3) Try to Discourage Pro-immigrant Latino Voters from Voting at All: The final plank of the Romney Latino strategy that seems to be taking shape is the most troubling of all: to be carried out by Republican surrogates and Super PACs, the idea is to depress the Latino vote by bombarding pro-immigration Latino voters with ads attacking President Obama’s immigration record – both for his failure to achieve comprehensive immigration reform and for his Administration’s record number of deportations. The goal is not to convince these passionately pro-immigrant Latino voters to vote for Romney, but rather to exploit their pronounced lack of enthusiasm in 2012 in hopes they don’t vote at all. Already, Republicans have been unified in hammering the “broken promises” and record deportations messaging and now, outside groups and Super PACs have joined the fray. A new effort geared to Nevada Latinos and spearheaded by the Latino Partnership for Conservative Principles goes so far as to make the claim that President Obama is “worse than Joe Arpaio” on immigration. We expect other Republican outside groups, with vastly more resources, to make similar pitches to Latino audiences as the general election unfolds. As Adam Serwer at Mother Jones points out, “Obama has a large lead over Romney among Latinos, but the ratio of the Latino vote that Obama gets is less important than the number of Latinos who would have voted Obama but stay home out of disappointment with the administration.” On MSNBC’s “Morning Joe” yesterday, political journalist John Heilemann made a similar point, predicting that instead of pivoting to pro-immigrant policies to improve his vote share, Republicans will use Obama’s immigration record to mount “a viciously negative campaign against Obama by both the Romney campaign and the Republican super PACs” aimed at trying to “to drive the overall vote total down and be able to not be hurt as badly if they can get Hispanics just to stay home.”

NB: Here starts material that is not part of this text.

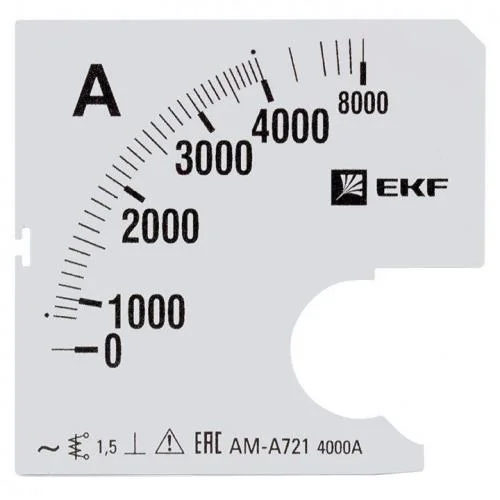 Фото шкала сменная для a721 4000/5а-1.5 proxima ekf s-a721-4000 EKF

According to Frank Sharry, Executive Director of America’s Voice, “The Romney playbook with respect to Latino voters is coming into focus. It’s ugly and it’s cynical. But it does represent a challenge to the Obama campaign, which needs from Latino voters both a huge margin and a huge mobilization. What can President Obama do to capitalize on Romney’s historically low standing among Latino voters? Give Latino voters discouraged with the Administration’s immigration record more reasons to turn out to the polls. He can provide DREAM Act-eligible young people with protection against deportation and work permits so they are given a chance to contribute to the country they call home. And he can insist that DHS improve the on-the-ground implementation of his sensible policy directives to protect the civil rights and family unity of hard working immigrants with strong claims to stay to America. As for Romney, we hope that his embrace of hard line immigration policies – positions that are not even supported by the majority of Republican primary voters – leads his party to change course, for unless and until they do they will continue to find themselves on the wrong side of our history and the wrong side of our demographic future.”